### Given records:

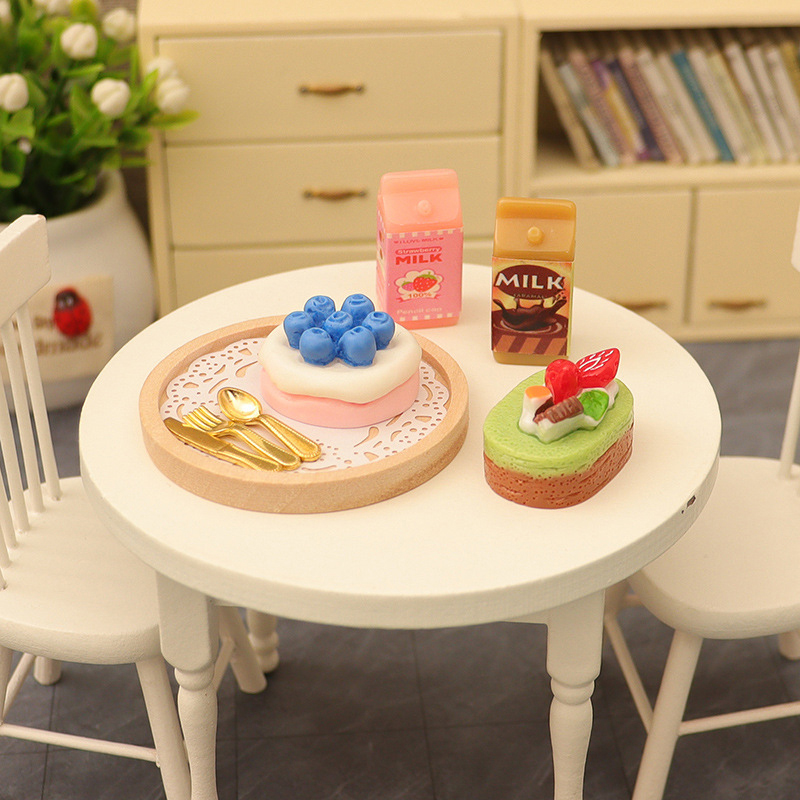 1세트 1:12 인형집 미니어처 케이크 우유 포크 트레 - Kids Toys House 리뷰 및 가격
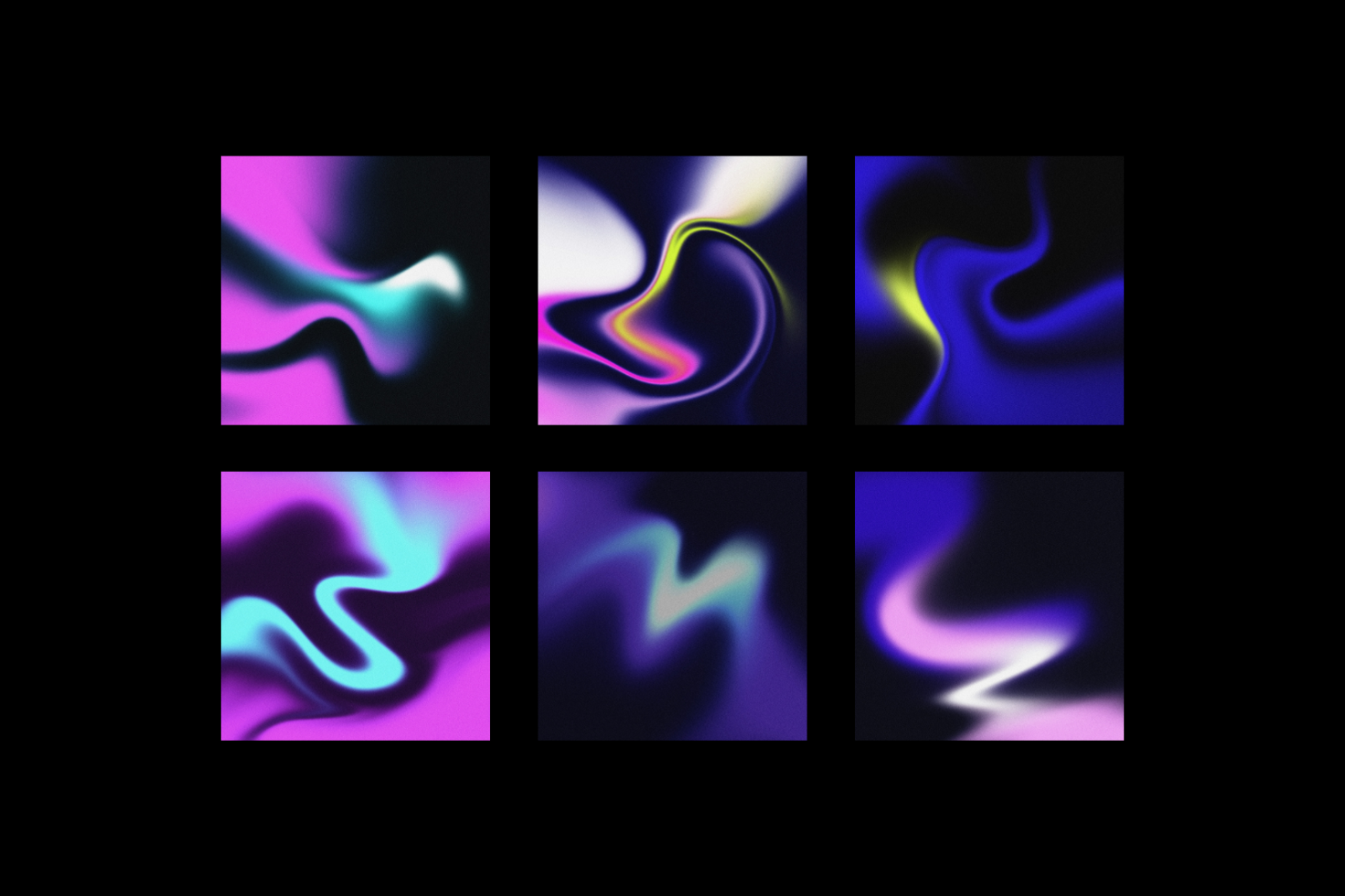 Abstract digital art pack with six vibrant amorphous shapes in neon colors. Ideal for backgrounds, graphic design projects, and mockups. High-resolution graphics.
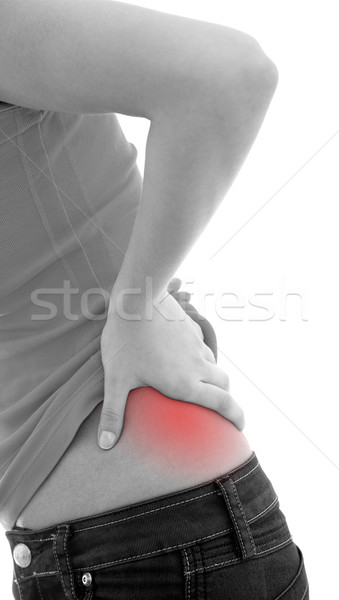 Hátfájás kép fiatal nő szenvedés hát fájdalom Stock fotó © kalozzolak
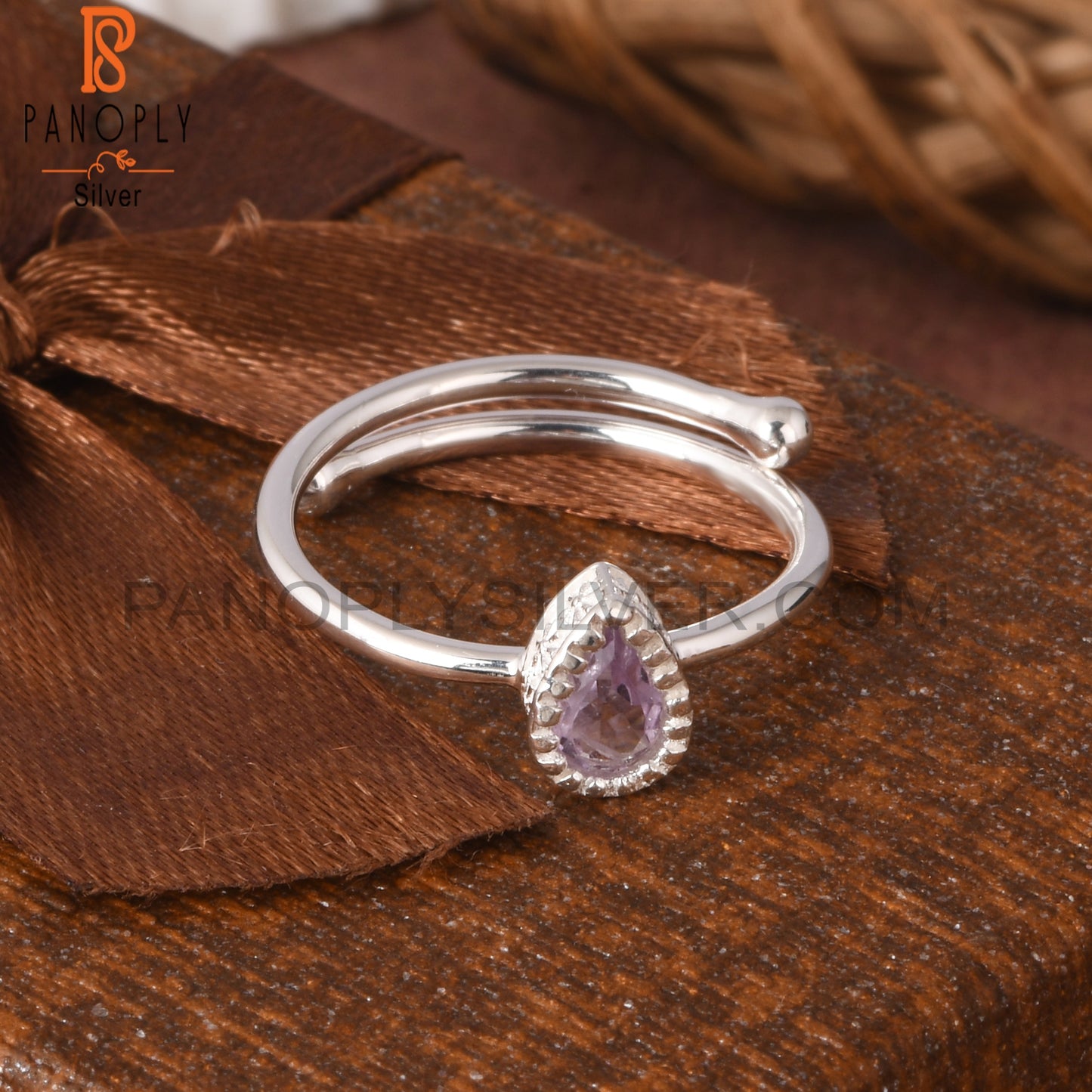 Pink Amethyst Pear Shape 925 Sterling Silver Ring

==

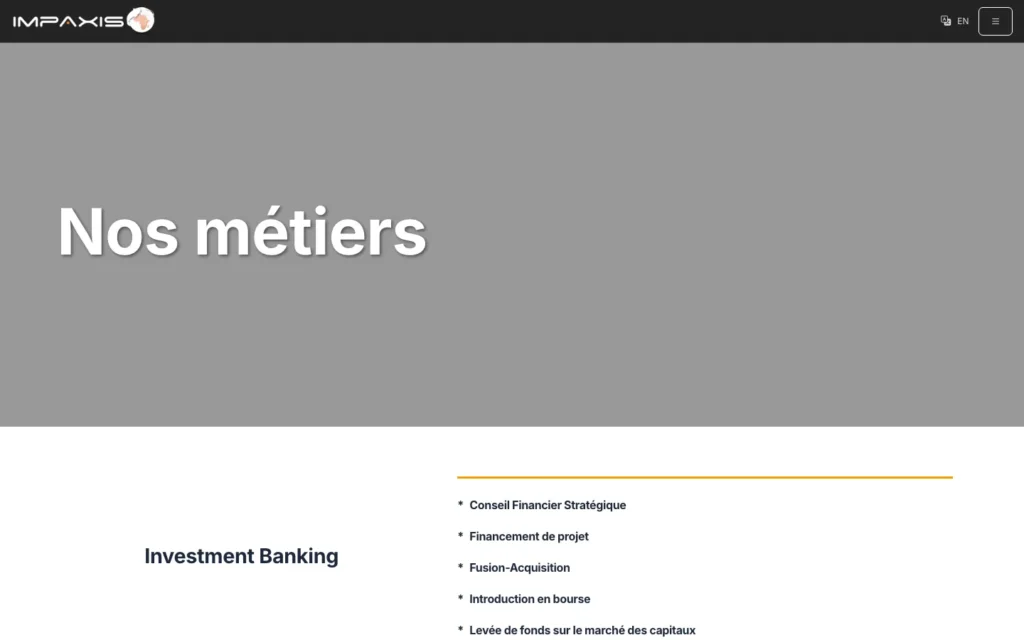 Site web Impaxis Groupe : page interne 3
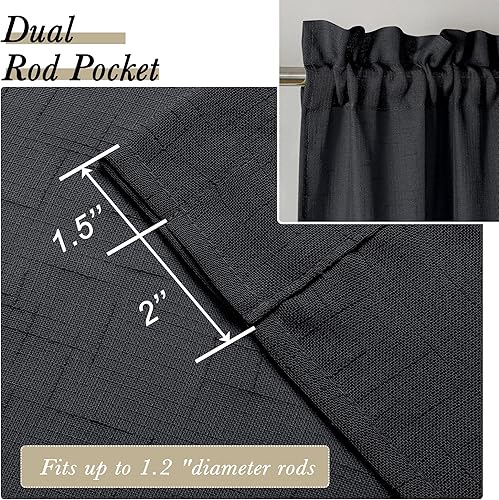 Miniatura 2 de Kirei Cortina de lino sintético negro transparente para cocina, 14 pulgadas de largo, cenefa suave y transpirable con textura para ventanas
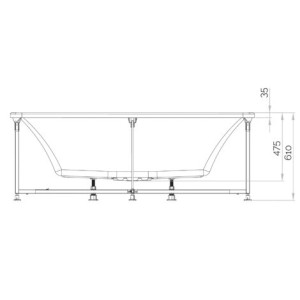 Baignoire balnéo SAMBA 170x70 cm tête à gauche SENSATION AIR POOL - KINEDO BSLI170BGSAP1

* * *

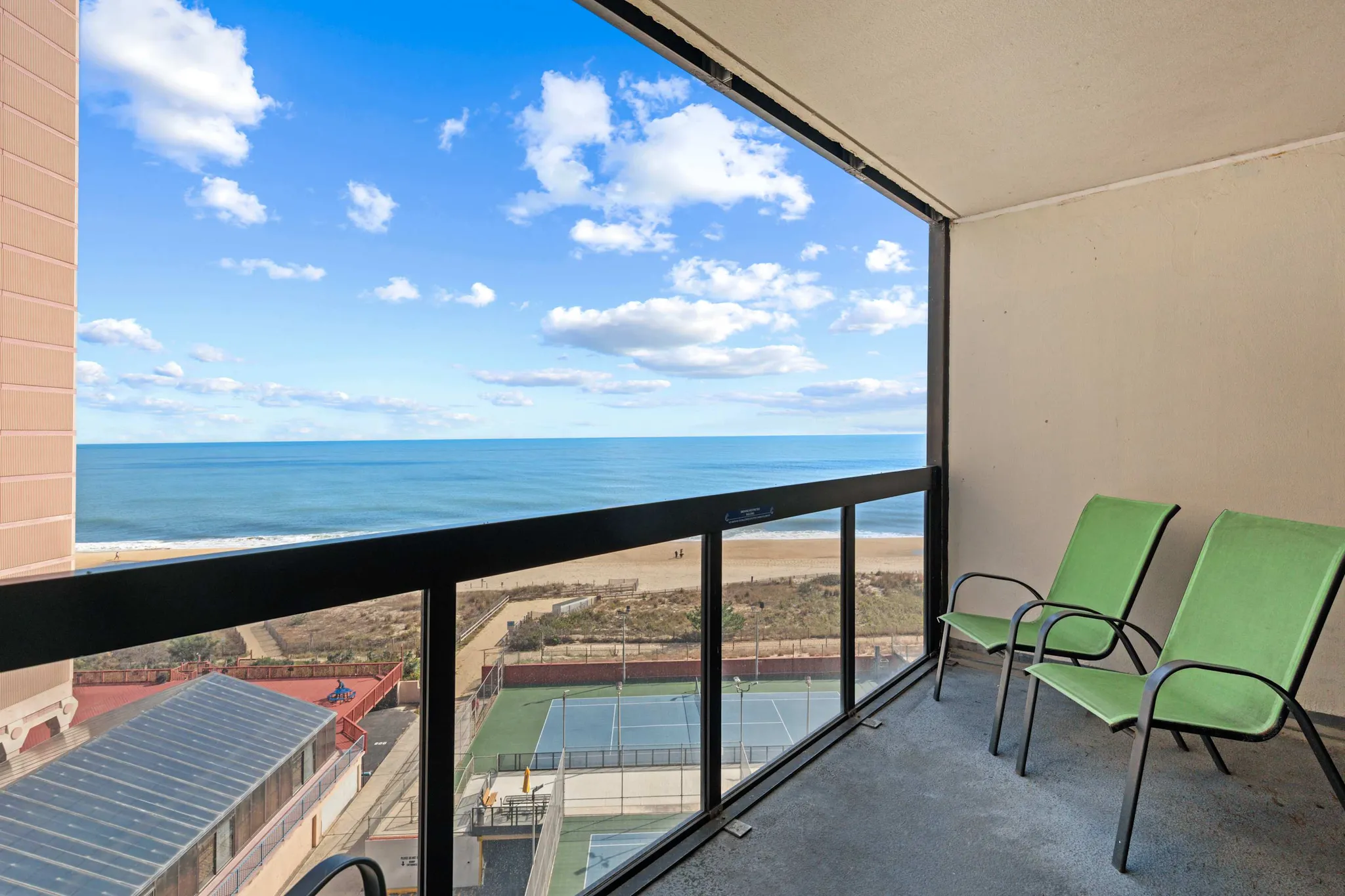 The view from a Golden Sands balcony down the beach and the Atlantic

### Work to be completed:
From the records above, output only the lines starting at the one containing "Miniatura 2 de" and ending at the one containing "Baignoire balnéo SAMBA", word for word. Pictures stay out.

### Result for this task:
 Miniatura 2 de Kirei Cortina de lino sintético negro transparente para cocina, 14 pulgadas de largo, cenefa suave y transpirable con textura para ventanas
 Baignoire balnéo SAMBA 170x70 cm tête à gauche SENSATION AIR POOL - KINEDO BSLI170BGSAP1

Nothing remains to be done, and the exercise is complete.